Казалось, сейчас это чувство сразу достигло температуры плавления всего его существа, но – нет: с каждым словом, с каждым движением Таисьи накал полз и полз вверх.

За завтраком, разрезая хлеб, Таисья прижала буханку к животу, полоснув его пополам ножом, и Швачкин зашелся: «Ничто из тебя твоих фабричных бараков не вытравит!» Но вслух произнес только:

– Есть же доска для хлеба.

– Не лезь в хозяйственные вопросы, Федор Иванович! – подняла карандашные брови Таисья.

«Федор Иванович!» – злобно шептал Швачкин, – светскость в представлении судомойки!»

Судомойкой, конечно, Швачкин величал ее зря. Судомойкой Таисья никогда не была. Когда он, политинформатор, отрабатывающий на ткацкой фабрике общественную нагрузку для поступления в вуз, женился на ней, Таисья была прядильщицей. Она была хорошенькой разбитной девахой, не очень усердной в работе, с ленцой. Заметим, что Таисьина мать, тоже прядильщица, была в отличие от дочки человеком истинно трудовым. Имя Пелагеи Швачкиной не сходило с газетных страниц. Знатная была прядильщица. И дочь за нерадивость, порочащую знаменитое имя, – корила: «Как так – Швачкина же!» Швачкиной была именно она, Таисья, а он, Федор Бобринский, взял фамилию жены, чтобы ни у кого не возникло подозрений о его якобы дворянском происхождении.

Считалось, что род Бобринских идет непосредственно от государыни Екатерины Второй. Предание гласило (хотя были и другие версии), что одного из внебрачных своих сыновей царица сразу после рождения отправила в деревню, веля завернуть младенца в бобровую полость, откуда и Бобринские. Дитя в малолетстве было наделено землями и титулом, а позднее вошло в число первых семей России.

По правде говоря, Федору Ивановичу было известно, что сам-то он тянет родословную от кого-то из бобринских крепостных. Но получилось так, что дважды Федора Ивановича спрашивали, не екатерининский ли он отпрыск. А при таком происхождении в те годы и думать о карьере, даже высшем образовании, было нечего.

Таисья оказалась «блестящей партией». Новую свою фамилию Швачкин презирал с самого начала, ее простонародное звучание вызывало мерзкий привкус во рту.
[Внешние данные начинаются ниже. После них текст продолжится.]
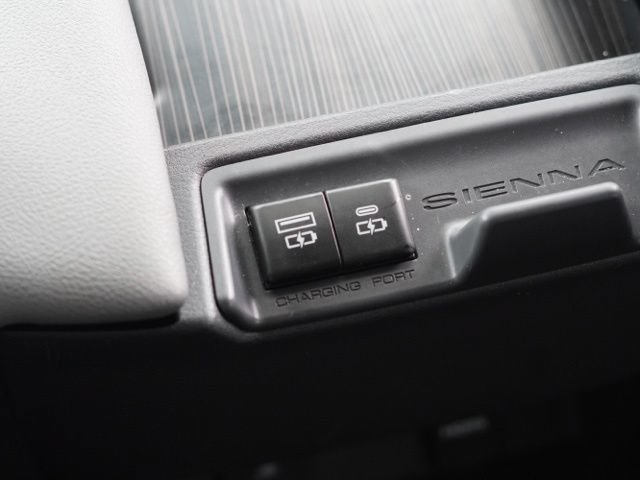 Used 2024 Toyota Sienna Limited AWD/4WD image 37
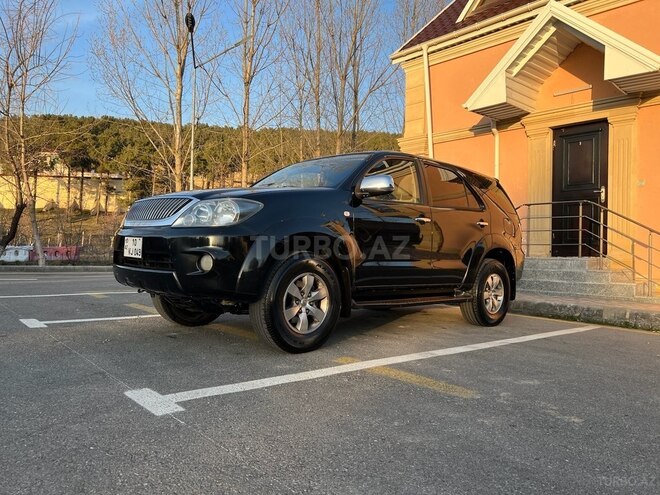Toyota Fortuner 2006, 255,000 km - 2.7 л - Şamaxı
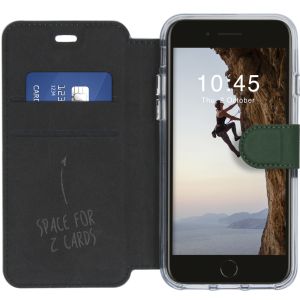 Accezz Xtreme Wallet Klapphülle für das iPhone SE (2022 / 2020) / 8 / 7 - Dunkelgrün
А уж последние годы, когда в некоторых кругах стало даже модным хвастаться древней родовитостью, фамилия эта превратилась чуть ли не в одушевленного врага, хотя и украшала золотую табличку кабинета и швачкинские научные труды.
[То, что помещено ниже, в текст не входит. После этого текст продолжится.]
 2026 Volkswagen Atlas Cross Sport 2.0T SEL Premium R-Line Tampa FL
Трудовое прошлое постаралась забыть поскорее, как ни странно, сама Таисья, уйдя с фабрики, лишь Федор Иванович встал на ноги. Теперь она была ответственной женой, и только.

– Слушай, Федор Иванович, сказал бы ты Виктору, чтоб он ждал в машине. Что это за мода, чтоб обслуга вечно торчала в квартире? – Таисья звучно отхлебнула кофе. – Принес газеты и пусть идет.